Lithium Technology Corporation (LTC) is a global provider of large format rechargeable power solutions for diverse applications, and offers the largest lithium-ion cells with the highest power of any standard commercial lithium ion cell produced in the western hemisphere. With more than 30 years of experience, LTC leverages its extensive expertise in high power and large battery assemblies to commercialize advanced lithium batteries as a new power source in the military and national security systems, transportation and stationary power markets.

LTC manufactures the GAIA® product line of large, high power hermetically sealed rechargeable lithium-ion cells and batteries. The Company’s product portfolio includes large cells and batteries from 10 times the capacity of a standard laptop computer battery to 100,000 times greater. LTC manufactures a variety of standard cells that are assembled into custom large batteries complete with electronics (battery management systems) and electronics to communicate with other components of the system for performance monitoring.
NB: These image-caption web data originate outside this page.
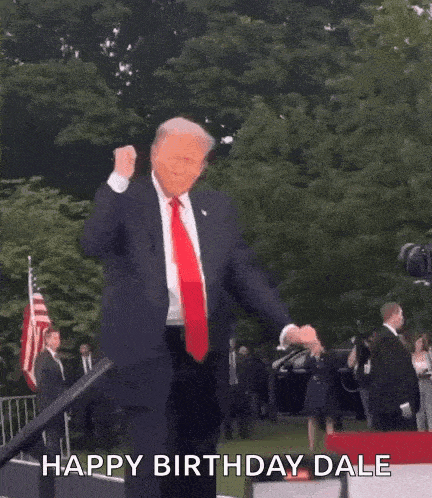 a man in a suit and tie is dancing in front of a crowd and says `` happy birthday dale '' .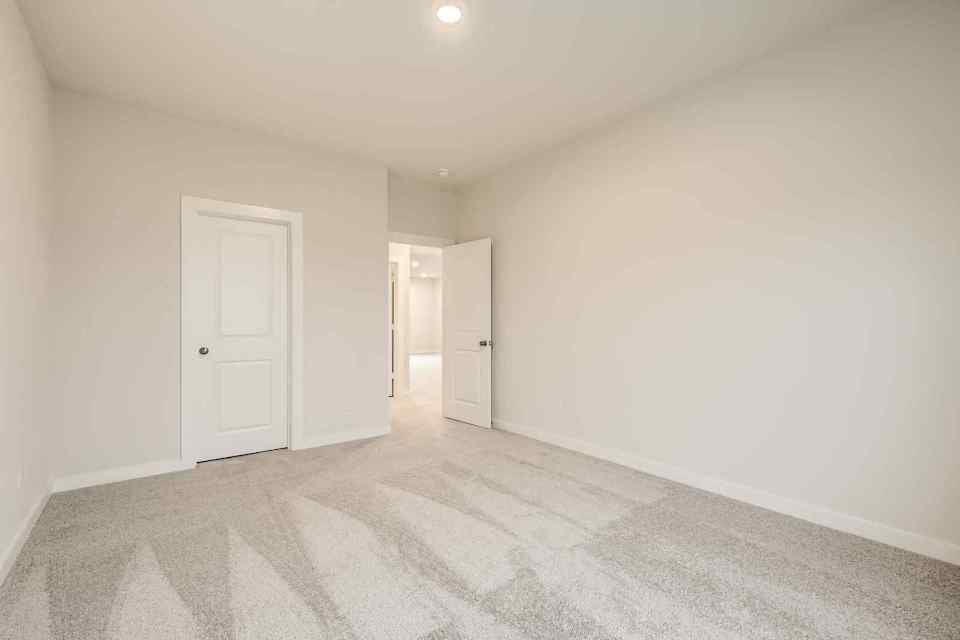A hallway with white doors.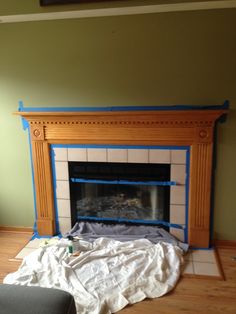 a living room with a fireplace being painted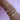 A wrist adorned with six bracelets on a pink background. Includes gold and pearl chains, a heart charm, and a gold cuff with sparkling accents, conveying elegance.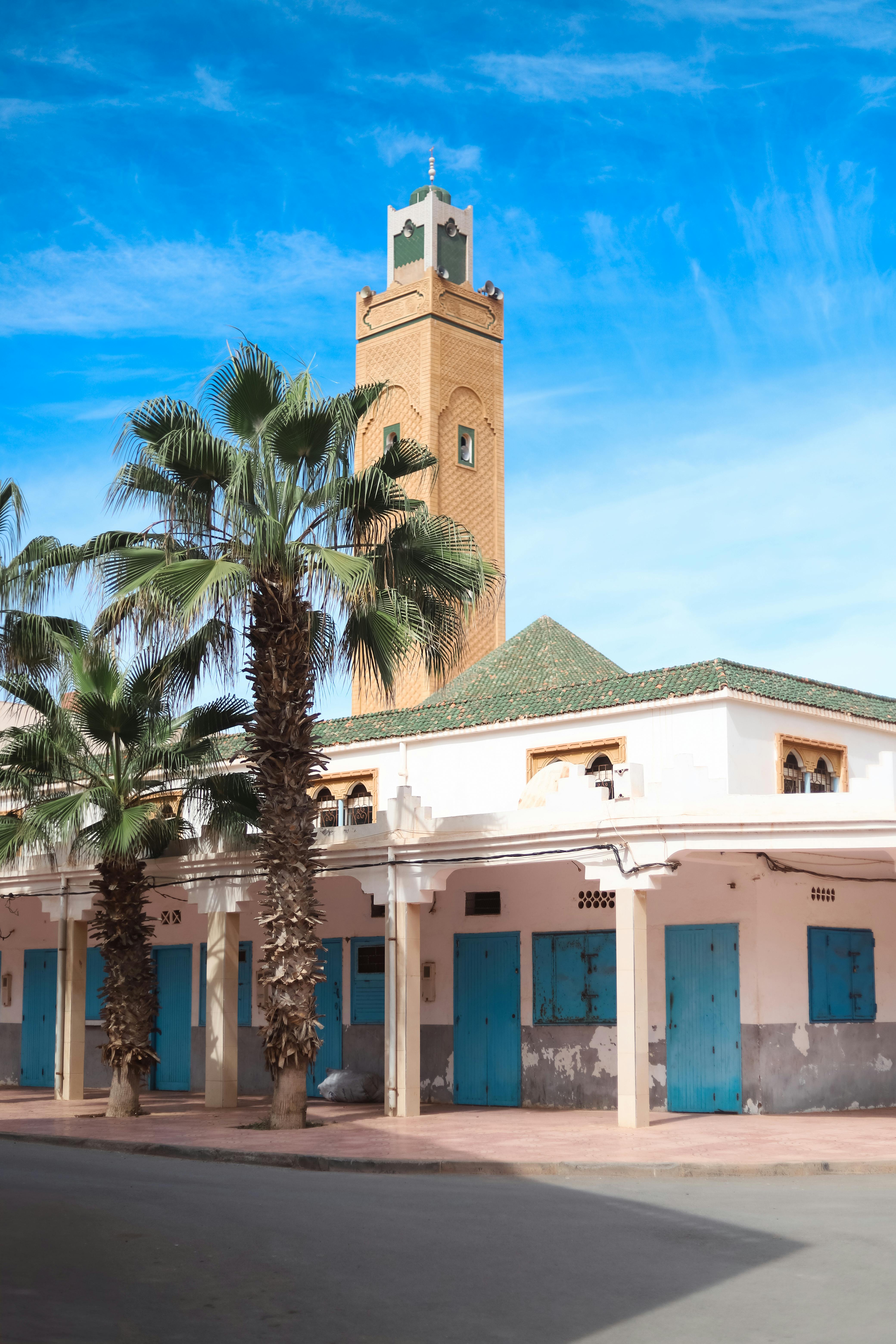 Beautiful Moroccan building with tall minaret and palm trees under a blue sky.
LTC headquarters are located in Plymouth Meeting, PA and R&D in Nordhausen, Germany. LTC sales for the U.S. and European markets are managed out of each of the offices. For more information about LTC, its technology and products, please visit http://www.lithiumtech.com.

Safe Harbor for Forward-looking Statements:

The foregoing information contains forward-looking statements, which involve risks and uncertainties relating to such matters as financial performance, technology development, capital raising, business prospects, strategic partnering and similar matters. A variety of factors could cause LTC’s actual results and experience to differ materially from anticipated results or other expectations expressed in these forward-looking statements. This notice does not constitute an offer of any securities for sale.